Stuffed Mushroom Caps are the perfect appetizer: You can assemble them beforehand so that when guests arrive, you are front and center. Now that April is here, it’s a lot easier to get fresh blue crabmeat, which is the ideal ingredient for stuffing. However, guests also enjoy these mushrooms stuffed with lobster and salmon. For those, I use more delicate herbs, such as dill or the smallest pinch of tarragon. King and snow crab, of course, are great substitutes, as well, and taste best with parsley.
Stuffed Mushroom Caps
Makes 4 to 6 servings
1 tablespoon olive oil
1 tablespoon unsalted butter
2 large shallots, finely chopped
2 pounds large white mushrooms, caps and stems separated (reserve caps and pulse stems in a food processor until finely minced)

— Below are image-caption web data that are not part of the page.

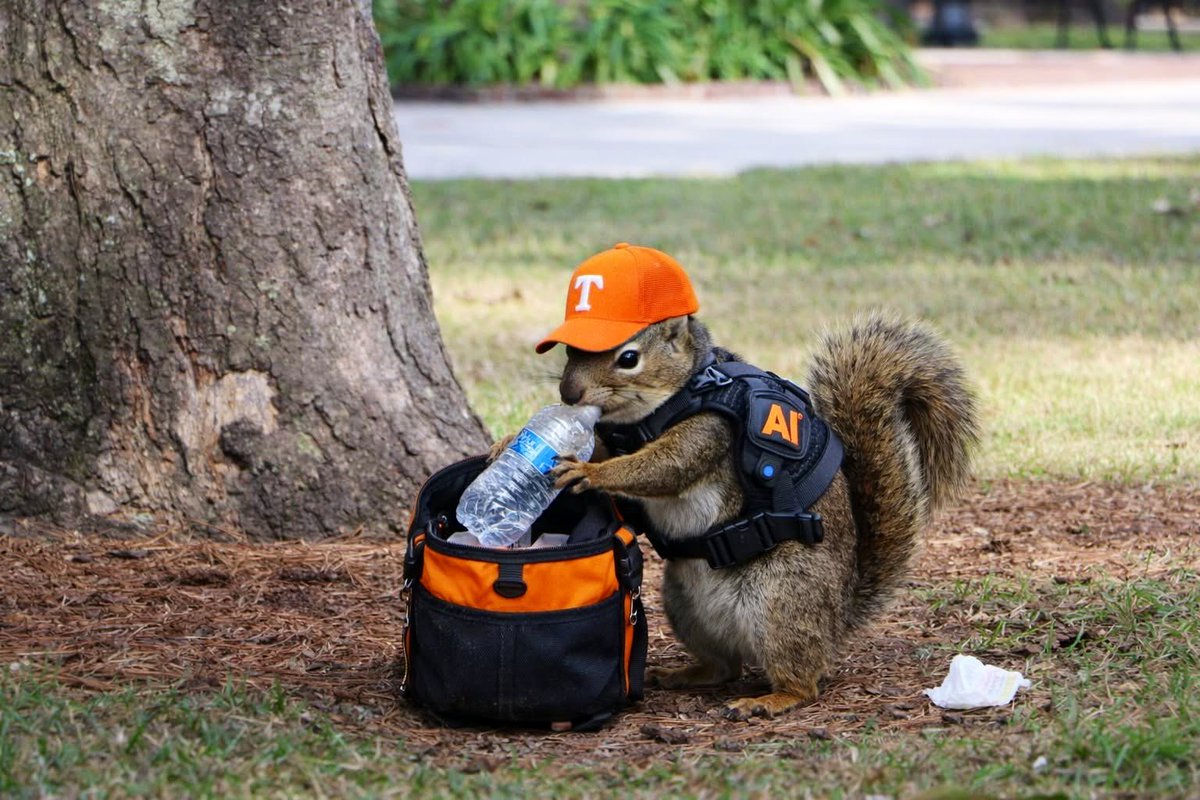 Facilities Services tweet media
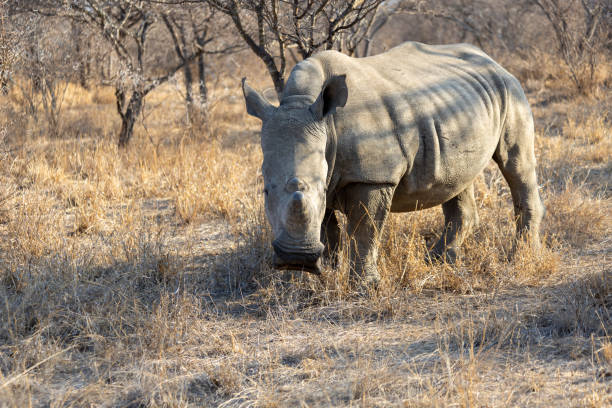 istock Rhino in the savannah 2193812489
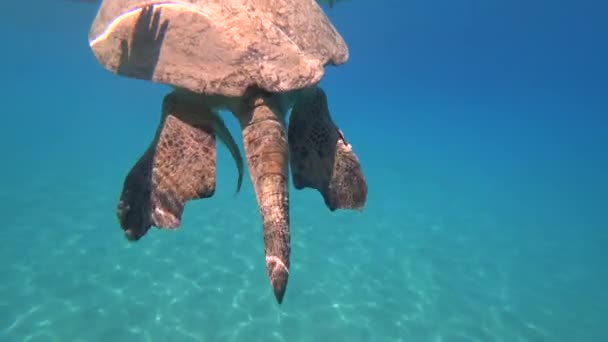 Meeresschildkröte schwimmt im blauen Meerwasser Wassertiere Unterwasser-Video 4k — Stockvideo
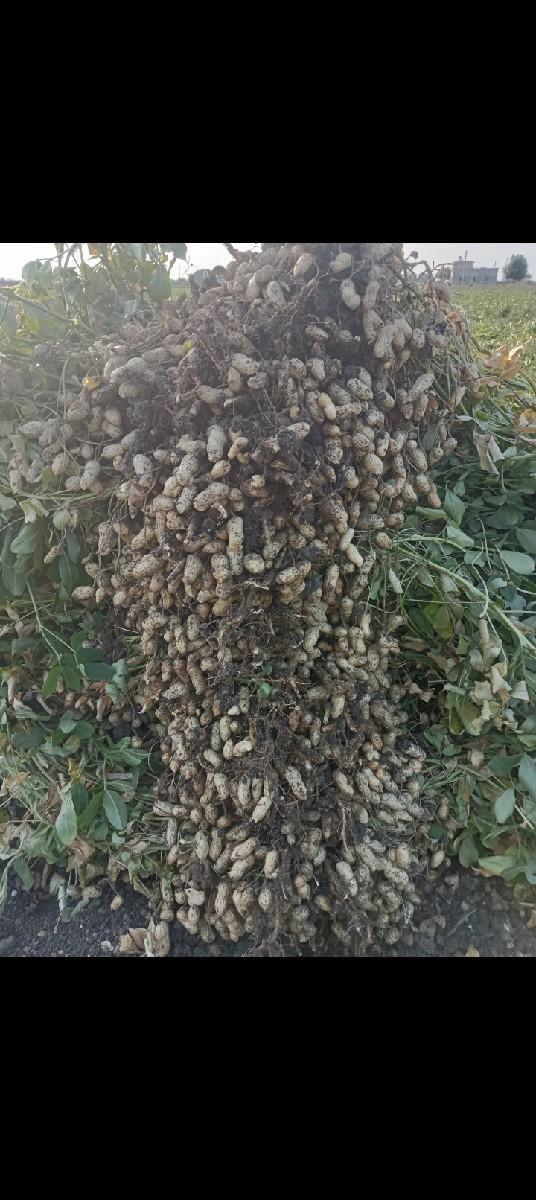 બીમા માડવી વેશવાની શે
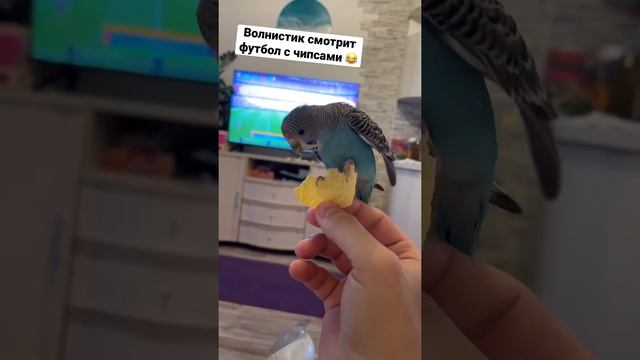Волнистый попугай ? умеет вкусно смотреть футбол ⚽️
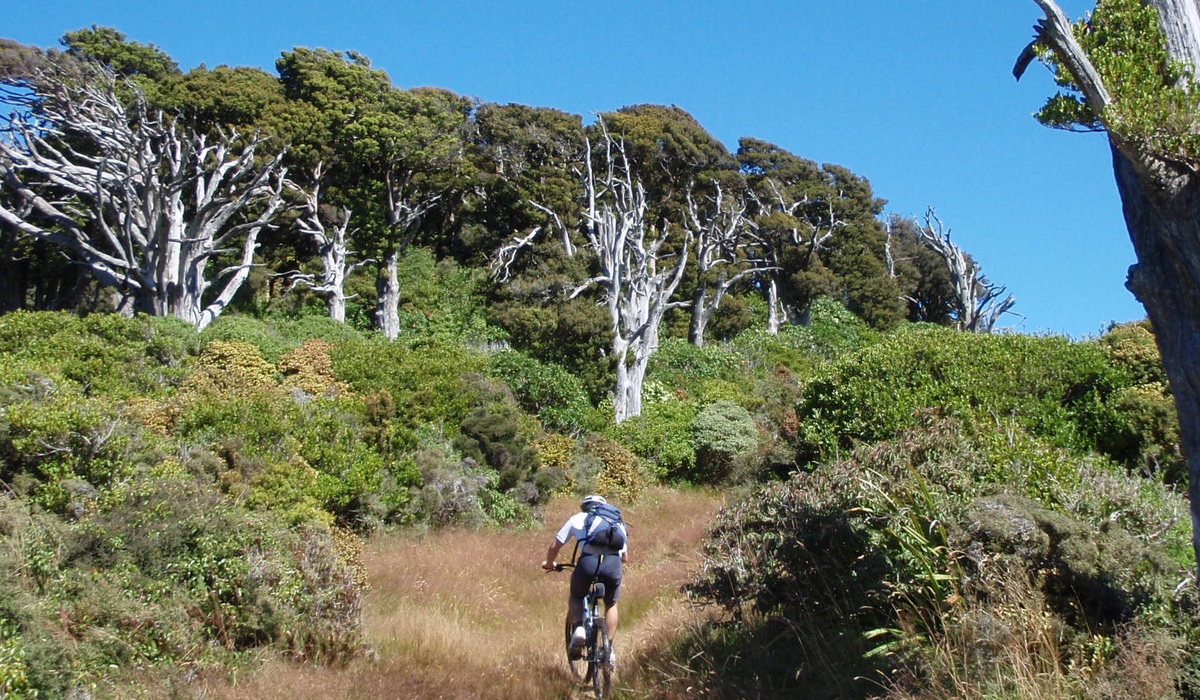 Mountain biking in New Zealand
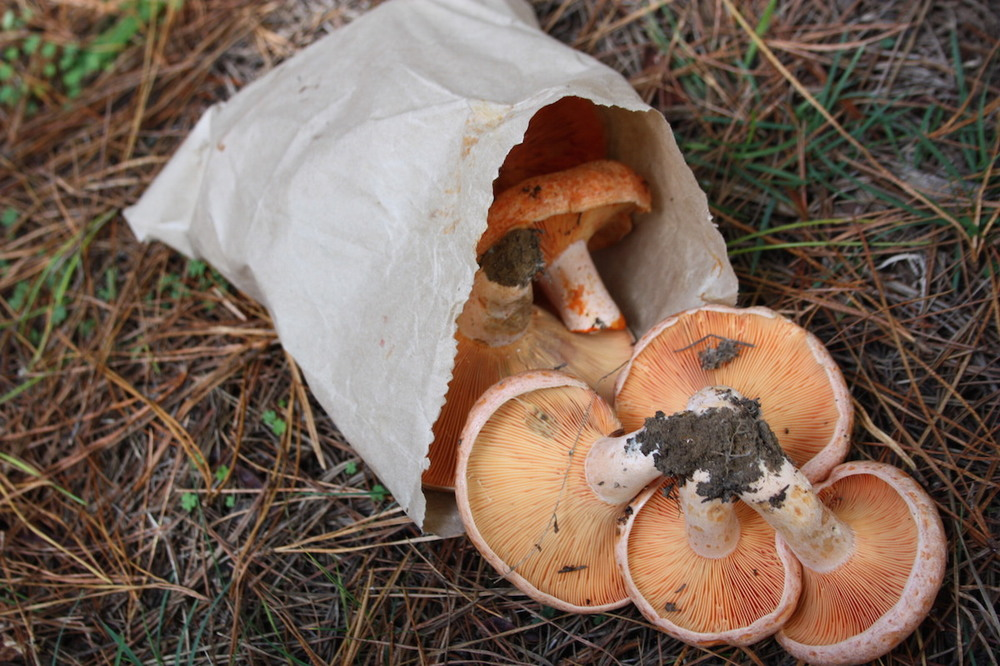 Mushroom02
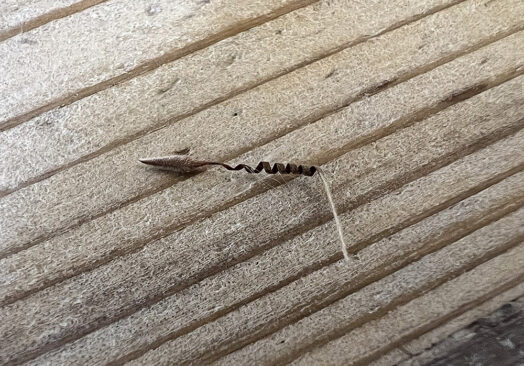 P.クリズミフォリュウム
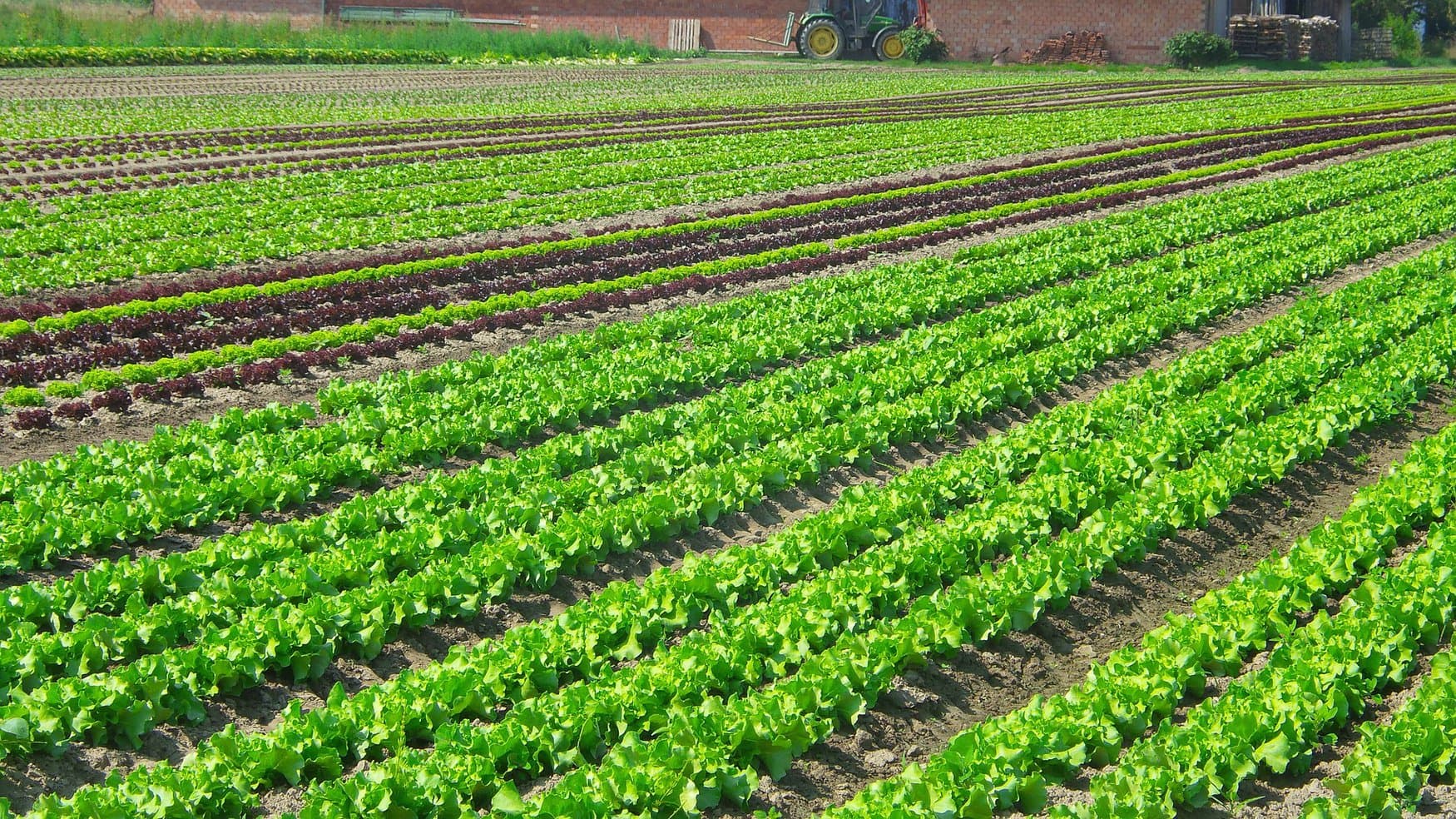 Внесение агрохимикатов в Волгоградской области вырастет на 20%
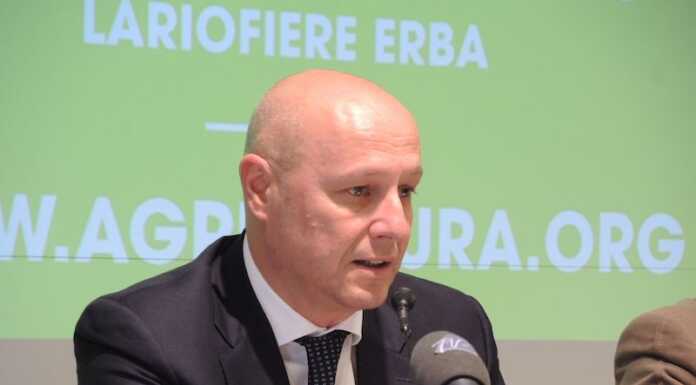 Fabio Dadati: “Ponte Kennedy a doppia corsia? Solo con modifiche alla rotonda di Malgrate” Fabio Dadati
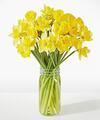 Image of Standard version for Yellow Gorgeous Daffodil Bouquet - 40 Stems with Clear Vase - FedEx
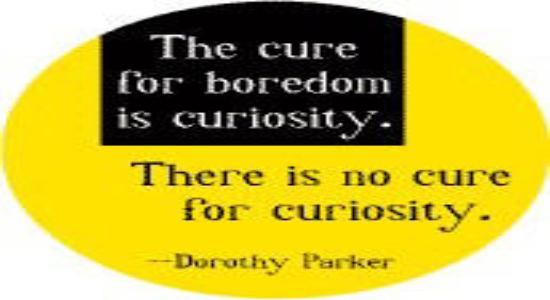 The cure for boredom is curiosity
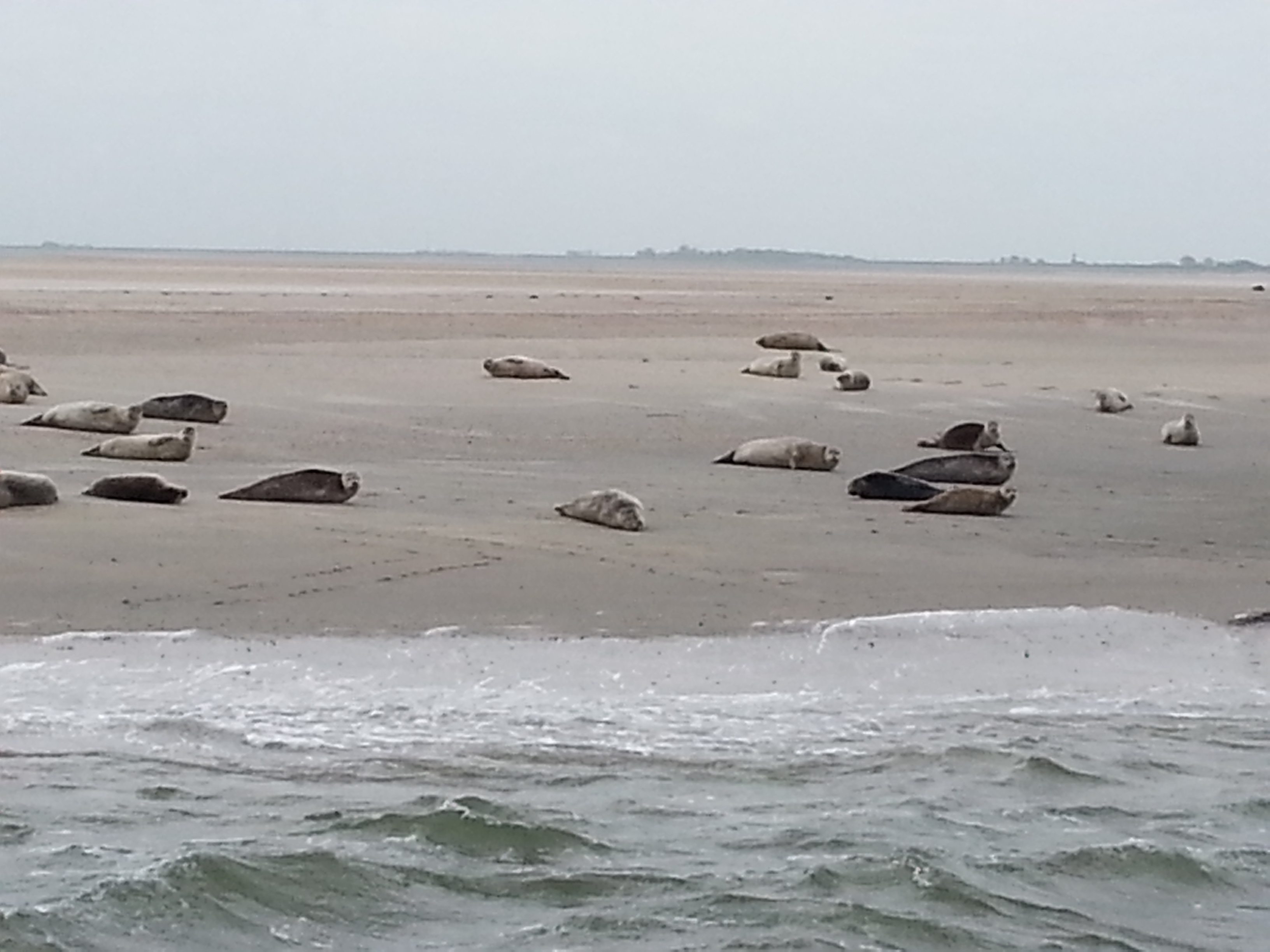 HWK Texel 127.jpg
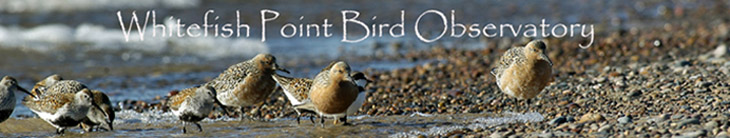 WPBO Waterbird Count Fall 2010
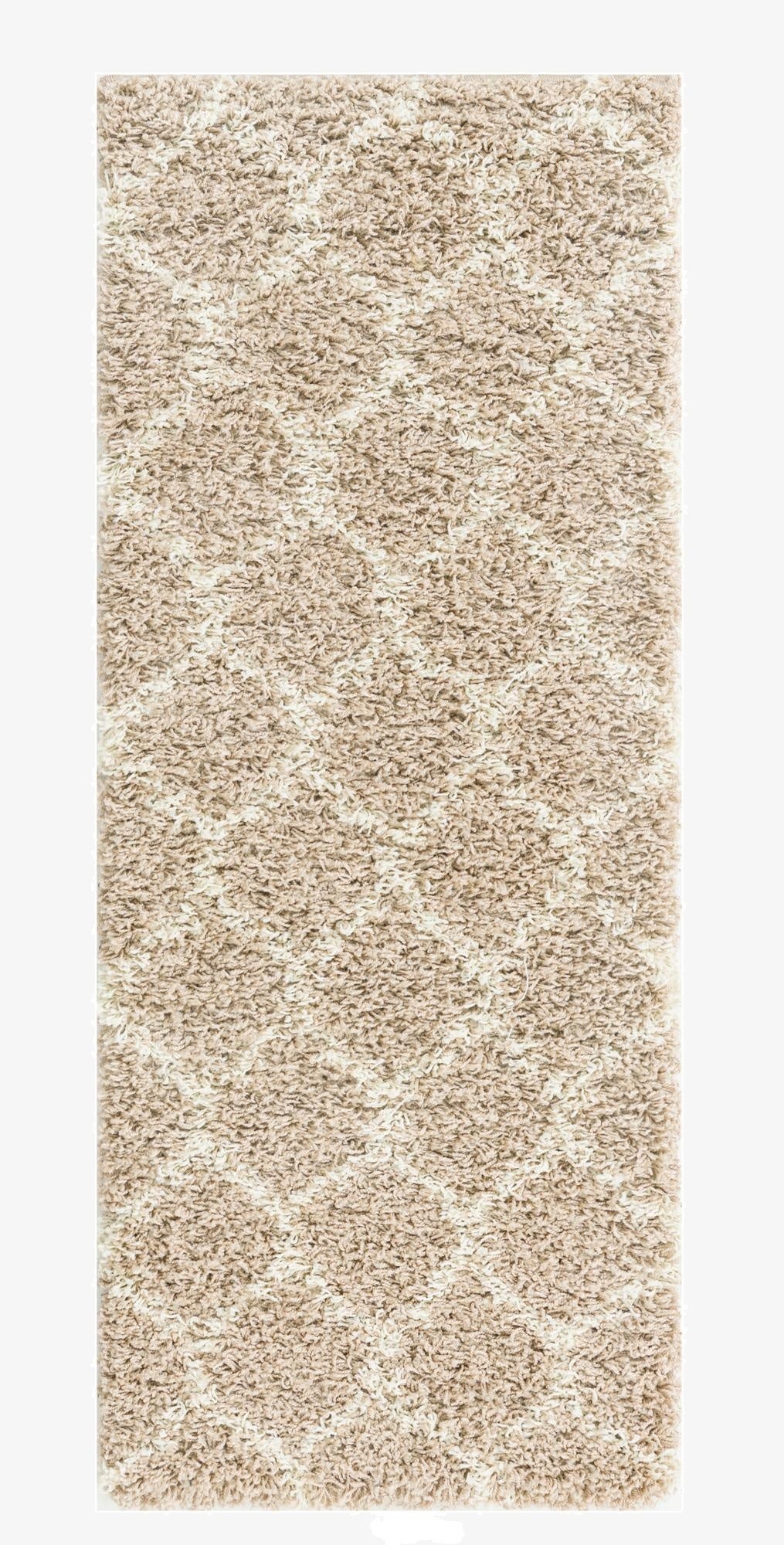 2' x 5' Trellis Shag Runner Rug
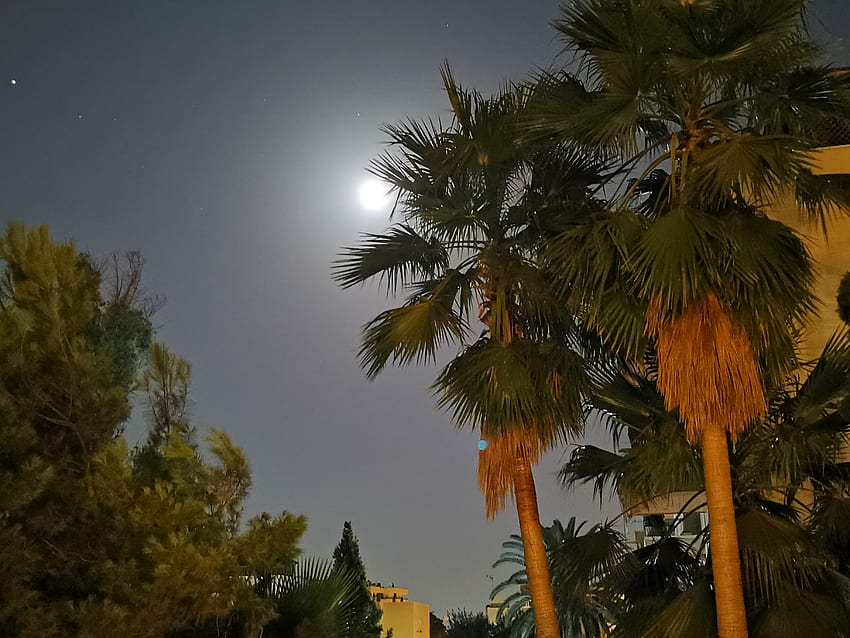 ต้นปาล์มกับดวงจันทร์ ท้องฟ้า Nacht กลางคืน Nyari ฤดูร้อน Mediterran Plam ทะเล Sommer Nyár ต้นไม้ Mond Hold Este Summernight วอลล์เปเปอร์ HD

2 teaspoons fresh thyme leaves, finely chopped
1 teaspoon kosher salt
1 cup torn day-old bread, soaked in 2 tablespoons water or dry white wine
½ pound Monterey Jack cheese, grated (also delicious with lobster and salmon), or substitute brie or Gruyère (for a fancy taste)
1 pound fresh backfin blue crabmeat (don’t use expensive crabmeat, it will be shredded—
even claw meat works), or
substitute lobster or salmon
(see note below)
Place rack in the middle of oven and heat to 375 degrees. In a medium skillet over medium heat, slick the skillet with the olive oil. Add butter, shallots, minced mushroom stems, thyme and salt. Sauté until the shallots are translucent and the stems have released their juices, about 10 minutes. Remove from the heat and transfer to a medium bowl. Add soaked bread, cheese and crabmeat. Mix gently until well combined.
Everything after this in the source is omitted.